Problem to work on:
Pull out the lines from the one containing "dalvarzintepa yodgorligi — DOCX" through the final line of the listing below and repeat them exactly. Leave the pictures behind.

==== The data ====

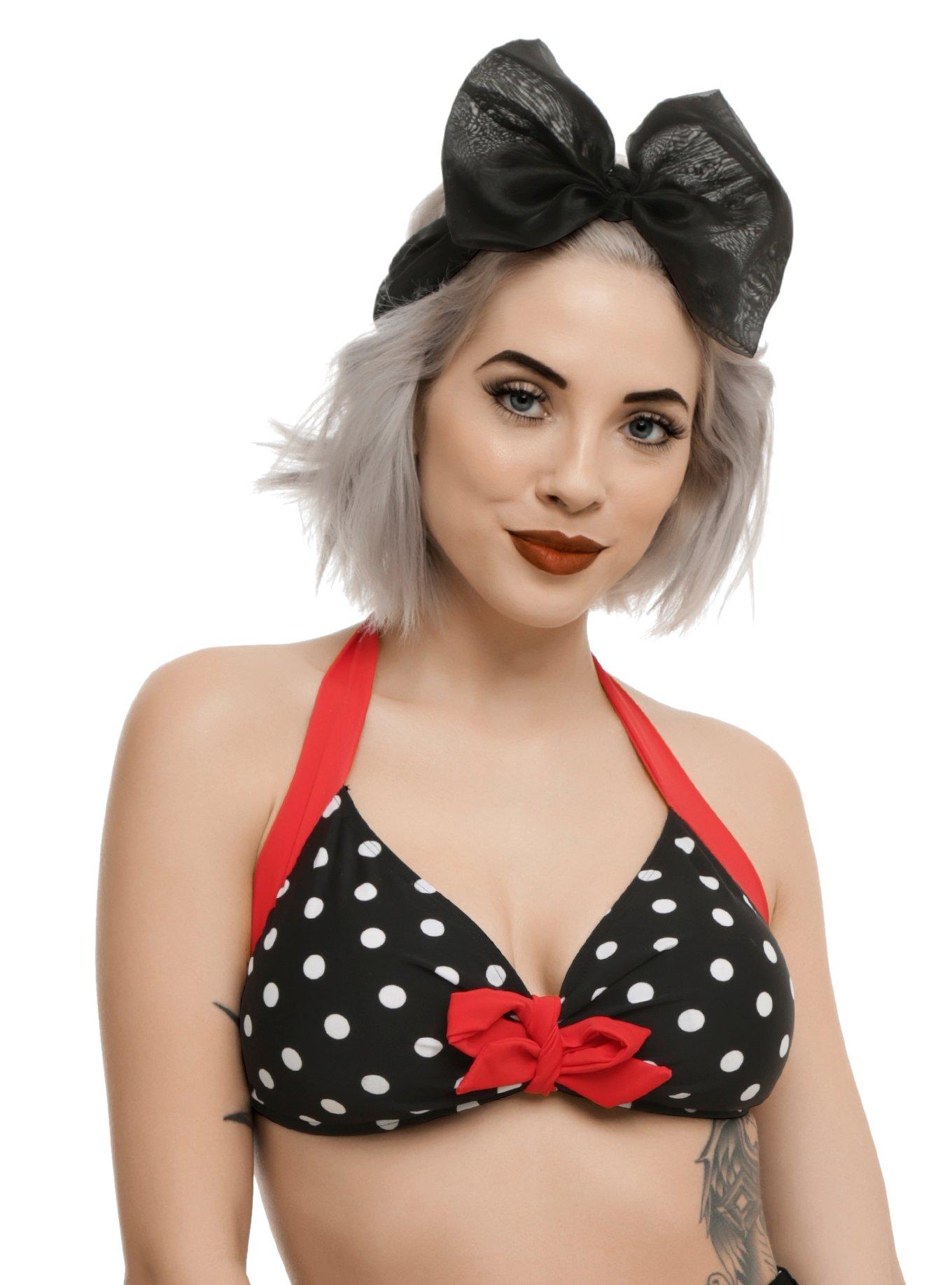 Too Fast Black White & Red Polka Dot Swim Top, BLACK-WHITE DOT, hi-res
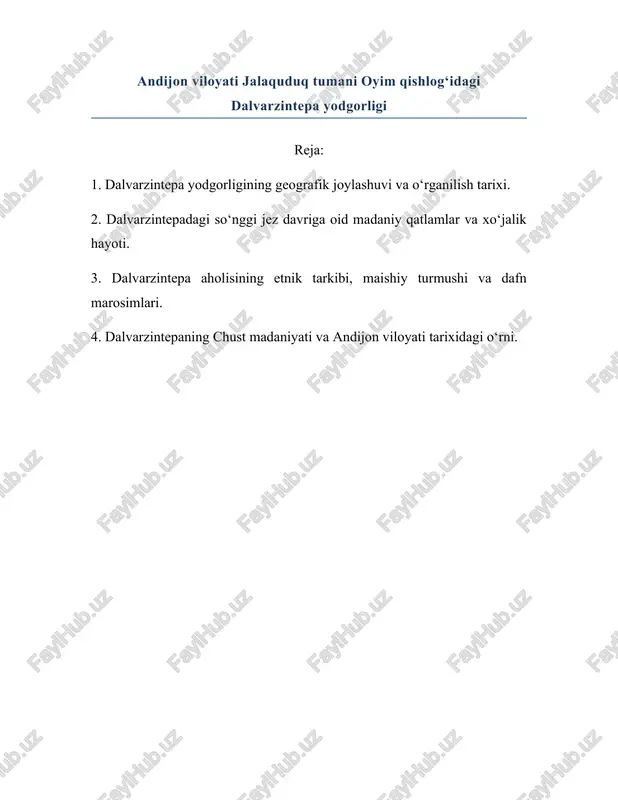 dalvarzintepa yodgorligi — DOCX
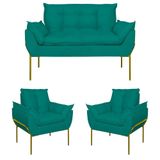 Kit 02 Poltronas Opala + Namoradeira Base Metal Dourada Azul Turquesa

====

Solved problem:
 dalvarzintepa yodgorligi — DOCX
 Kit 02 Poltronas Opala + Namoradeira Base Metal Dourada Azul Turquesa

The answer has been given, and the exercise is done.